**PROBLEM REQUIREMENTS**
Return every line from the one with "丁克老公迎回双胞胎，我消失了质量好文" through the one with "O'neill Γυναικεία αμάνικη", inclusive, exactly as it appears below.

Web page caption snippets

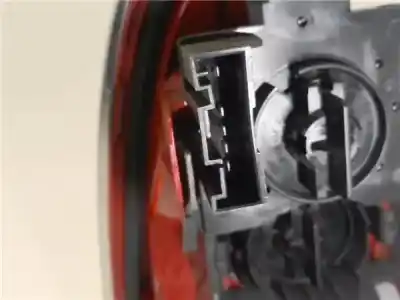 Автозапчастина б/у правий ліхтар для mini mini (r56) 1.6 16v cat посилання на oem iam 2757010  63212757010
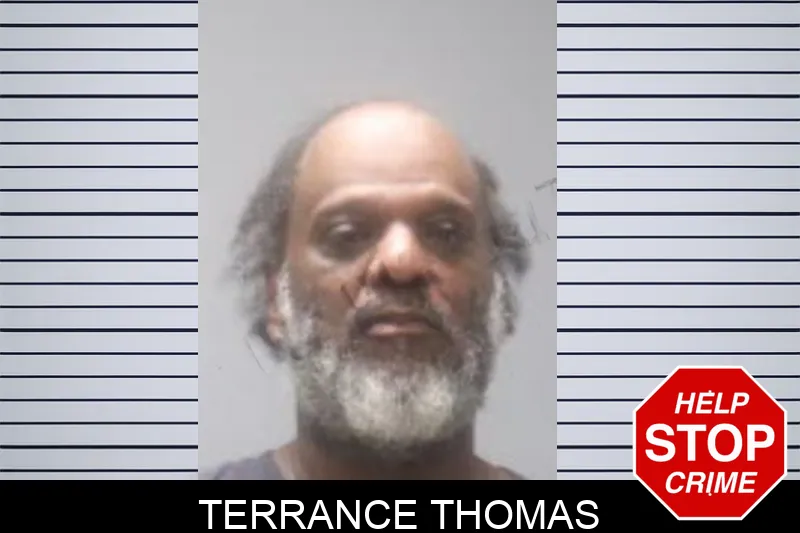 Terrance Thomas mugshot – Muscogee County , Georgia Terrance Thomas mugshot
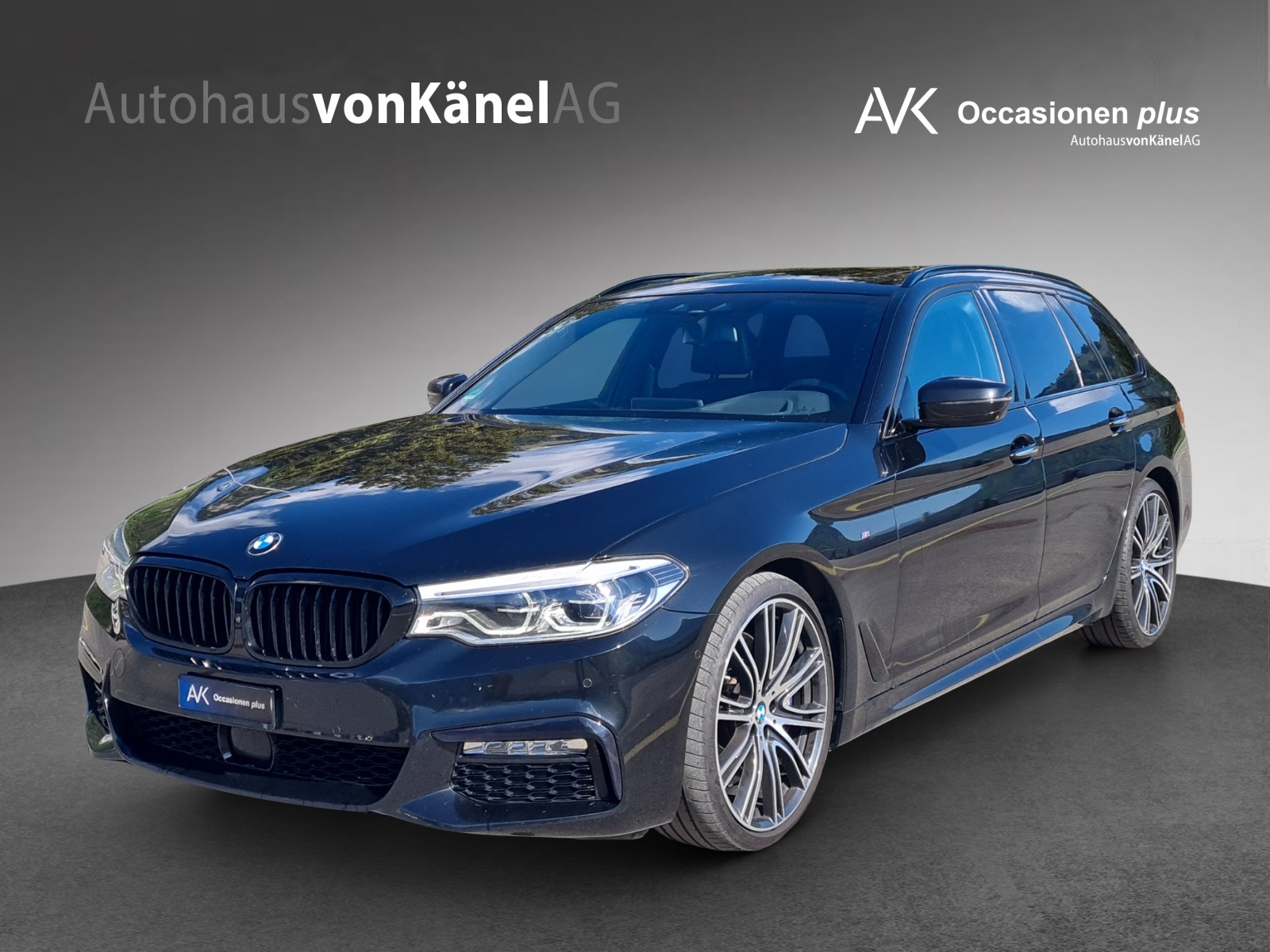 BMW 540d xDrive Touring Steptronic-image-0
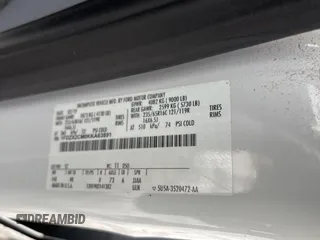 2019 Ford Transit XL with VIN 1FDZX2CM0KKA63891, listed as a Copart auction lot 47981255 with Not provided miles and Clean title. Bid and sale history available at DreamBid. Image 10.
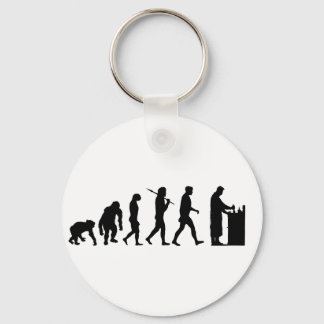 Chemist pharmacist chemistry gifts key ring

--

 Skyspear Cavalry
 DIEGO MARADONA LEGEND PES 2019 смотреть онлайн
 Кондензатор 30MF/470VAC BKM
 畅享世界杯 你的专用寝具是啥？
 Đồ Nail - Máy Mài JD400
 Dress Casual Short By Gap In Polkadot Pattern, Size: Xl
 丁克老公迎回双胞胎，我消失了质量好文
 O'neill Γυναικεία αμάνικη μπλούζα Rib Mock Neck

**EXERCISE ANSWER**
 丁克老公迎回双胞胎，我消失了质量好文
 O'neill Γυναικεία αμάνικη μπλούζα Rib Mock Neck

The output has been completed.